Tyrone are facing whole new beast against Kerry, says Donnelly
Richie Donnelly, whose forceful running and support play were features of Tyrone's display against Dublin last week, admits that it will be a 'different' Kerry that opposes the Red Hands in the All-Ireland semi-final on Sunday.
When the sides met in Division One of the Allianz League earlier this year in Killarney in what was Peter Keane's first match in charge, Kerry triumphed by 0-11 to 0-7.
It may have been a cold, bleak January day but the fact that almost 13,000 fans trooped through the turnstiles provided further proof of the enduring rivalry between the counties.

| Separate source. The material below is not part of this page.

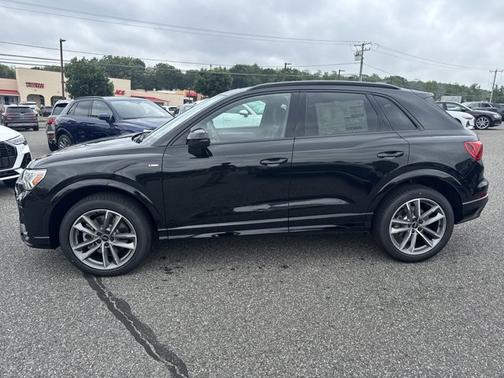 2025 Audi Q3 S line Premium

But Donnelly, like just about everyone else in Tyrone, reckons that Kerry have come on leaps and bounds since then although he qualifies this by pinpointing his own team's consistency.
"Any day you play against Kerry, especially in the All-Ireland Championship, is always a massive day," pointed out Donnelly, younger brother of team skipper Mattie.
"This is a game to which we are really looking forward. There is a great tradition and history in our rivalry as well as tremendous mutual respect.
"On the pitch, both teams will give their all on Sunday and for this reason it is really a game to look forward to.
"There is no doubt, though, that Kerry have come on since that game but so too have we. We know this will be a whole new challenge for us against what will be a very different Kerry side to the one we met earlier in the year."
The league meeting may have long since been consigned to the record books as a fairly meaningless fixture but it nonetheless highlighted the growing threat that Sean O'Shea was to prove to opposing defences, the influence that Tom O'Sullivan and Tadgh Morley were to wield in defence and manager Keane's meticulous attention to detail.
O'Shea posted six points in that game (four frees) and gave an indication of the damage that he was about to inflict on opposing defences over the course of the year to date.
Kerry were without the imposing presence of David Moran in midfield on that occasion but they still managed to hold sway in the middle third of the park.
Since then, Kerry's forward division has flourished with players such as Paul Geaney, David Clifford, Stephen O'Brien, Killian Buckley and the superbly accurate O'Shea sustaining their team's drive towards another possible All-Ireland title.
And Tyrone manager Mickey Harte is not in the least surprised to see the Kingdom in the last four of the race to 'Sam'.
"Kerry are still the top team in the country in terms of having won the Sam Maguire Cup," pointed out Harte. "They always have their eye on the big one. They are always expected to be a big, big contender for the All-Ireland title and they seldom let people down."
"So we have a major battle ahead of us and we have to bring our best game to the table. If we can do this, then we can make it a very competitive semi-final and should this prove the case, then who knows which side might win at the end of the day.
"Every day we go out sees us go into a different game. Each team develops over the course of a season and this can be said of both Tyrone and Kerry this year. At this point in time, it's all about this game on Sunday which holds the prize for the winners of a place in the All-Ireland final."
With a crowd of over 60,000 expected, there will be a white-hot atmosphere in Croke Park especially as there is an intense rivalry between the sides.
And while the Kingdom fans will undoubtedly come out in numbers to get behind their side and give manager Keane every encouragement in his first All-Ireland semi-final in charge of the team, Tyrone chairman Michael Kerr is confident that the Red Hands faithful will outshout their counterparts.
"Obviously at this stage of the year the passion and the intensity will be huge but we believe that we can cope with whatever Kerry bring to the table," said Kerr. "This is just where we want to be at this time of the year.
"We have the greatest respect for Kerry and we have watched the progress they have made this year to date. They are no strangers to Croke Park but then again neither are we when you think about it. It's all to play for."